Material provided
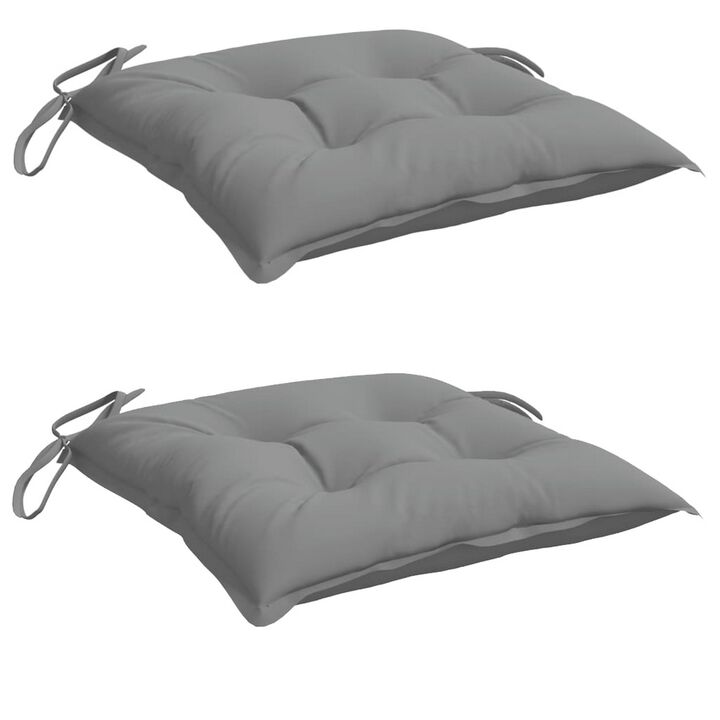 Kia Outdoor Cushion For Set of 2, Square Gray Oxford Fabric - Benzara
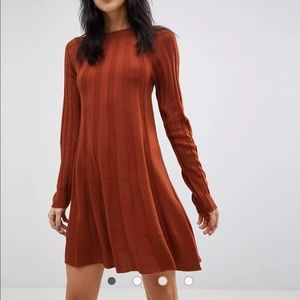 ASOS DESIGN Rib swing knit dress (Size 2)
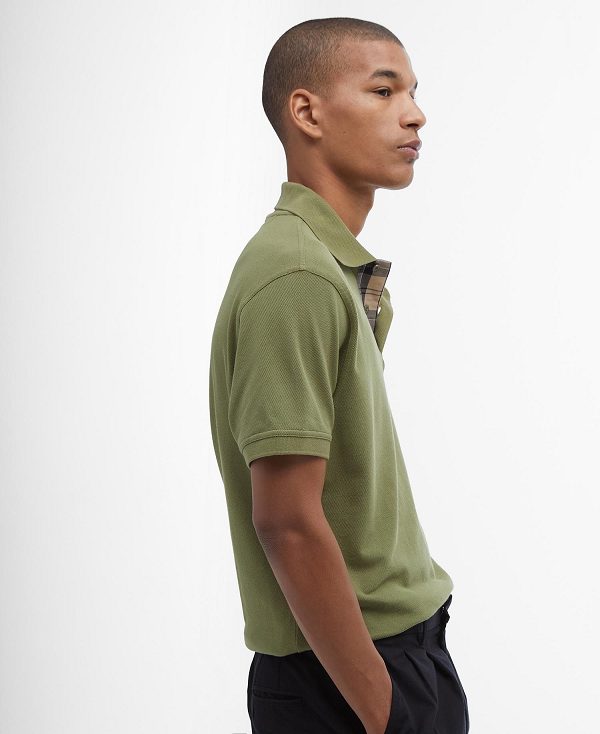 Barbour Tartan Pique Polo Shirt μπορντο | BABO88129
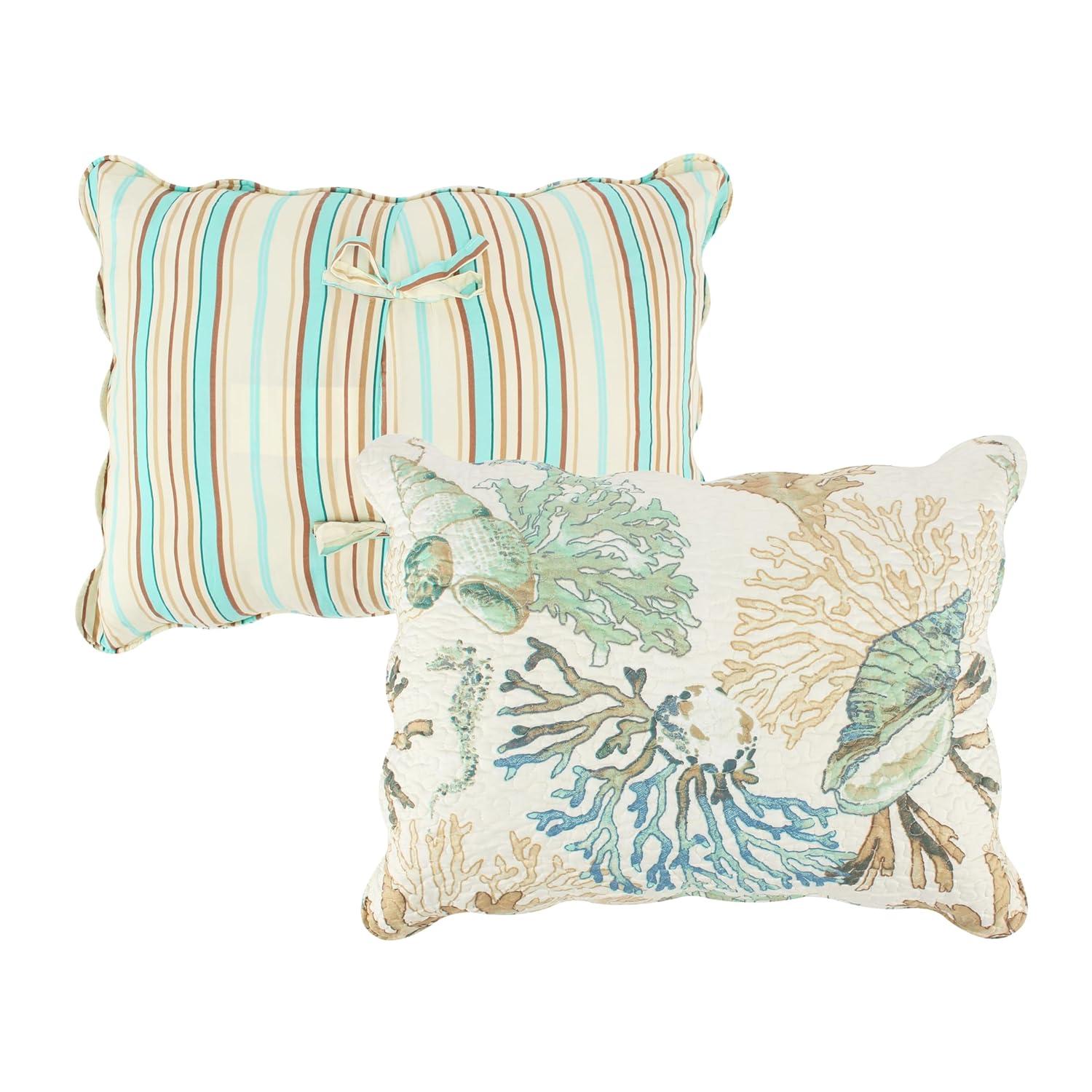 Atlantis Reversible Quilt Set with Throw Pillows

Task requirements
Repeat the material above in full and exactly, apart from the pictures.

Finished task
 Kia Outdoor Cushion For Set of 2, Square Gray Oxford Fabric - Benzara
 ASOS DESIGN Rib swing knit dress (Size 2)
 Barbour Tartan Pique Polo Shirt μπορντο | BABO88129
 Atlantis Reversible Quilt Set with Throw Pillows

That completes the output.